Yellowstone National Park
Title | Yellowstone National Park PDF eBook |
Author | David Aretha |
Publisher | Enslow Publishing, LLC |
Pages | 132 |
Release | 2008-07-01 |
Genre | Juvenile Nonfiction |
ISBN | 9781598450873 |
Learn about Yellowstone National Park's history and varied attractions, including Old Faithful, Lower Geyser Basin, and Tower Fall, as well as its resident wildlife.

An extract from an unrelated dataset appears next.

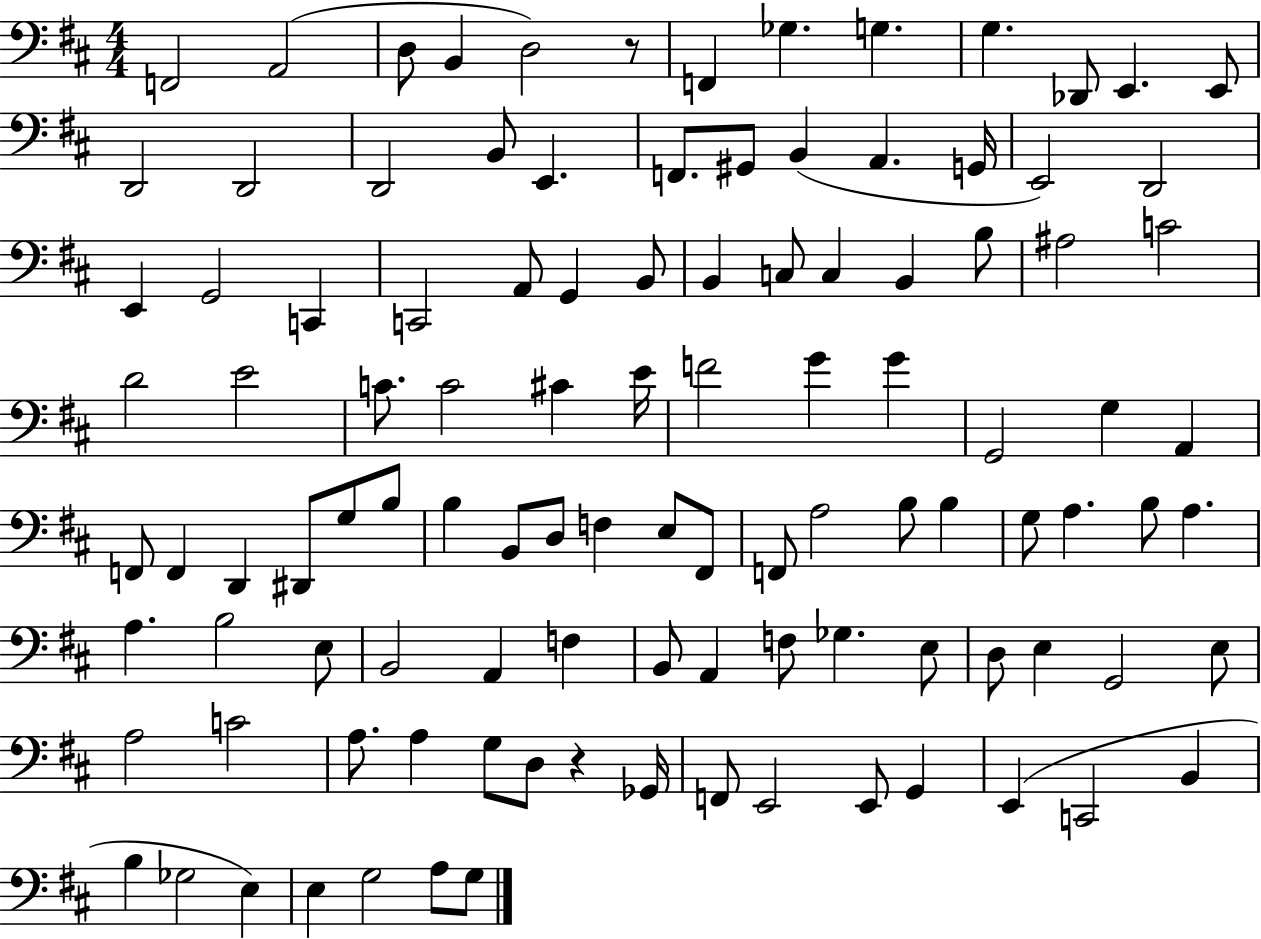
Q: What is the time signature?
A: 4/4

Yellowstone and the Smithsonian
Title | Yellowstone and the Smithsonian PDF eBook |
Author | Diane Smith |
Publisher | University Press of Kansas |
Pages | 208 |
Release | 2017-02-17 |
Genre | History |
ISBN | 0700623892 |
In the winter of 1996-97, state and federal authorities shot or shipped to slaughter more than 1,100 Yellowstone National Park bison. Since that time, thousands more have been killed or hazed back into the park, as wildlife managers struggle to accommodate an animal that does not recognize man-made borders. Tensions over the hunting and preservation of the bison, an animal sacred to many Native Americans and an icon of the American West, are at least as old as the nation's first national park. Established in 1872, in part "to protect against the wanton destruction of the fish and game," Yellowstone has from the first been dedicated to preserving wildlife along with the park’s other natural wonders. The Smithsonian Institution, itself founded in 1848, viewed the park’s resources as critical to its own mission, looking to Yellowstone for specimens to augment its natural history collections, and later to stock the National Zoo. How this relationship developed around the conservation and display of American wildlife, with these two distinct organizations coming to mirror one another, is the little-known story Diane Smith tells in Yellowstone and the Smithsonian. Even before its founding as a national park, and well before the creation of the National Park Service in 1916, the Yellowstone region served as a source of specimens for scientists centered in Washington, D.C. Tracing the Yellowstone-Washington reciprocity to the earliest government-sponsored exploration of the region, Smith provides background and context for many of the practices, such as animal transfers and captive breeding, pursued a century later by a new generation of conservation biologists. She shows how Yellowstone, through its relationship with the Smithsonian, the National Museum, and ultimately the National Zoo, helped elevate the iconic nature of representative wildlife of the American West, particularly bison. Her book helps all of us, not least of all historians and biologists, to better understand the wildlife management and conservation policies that followed.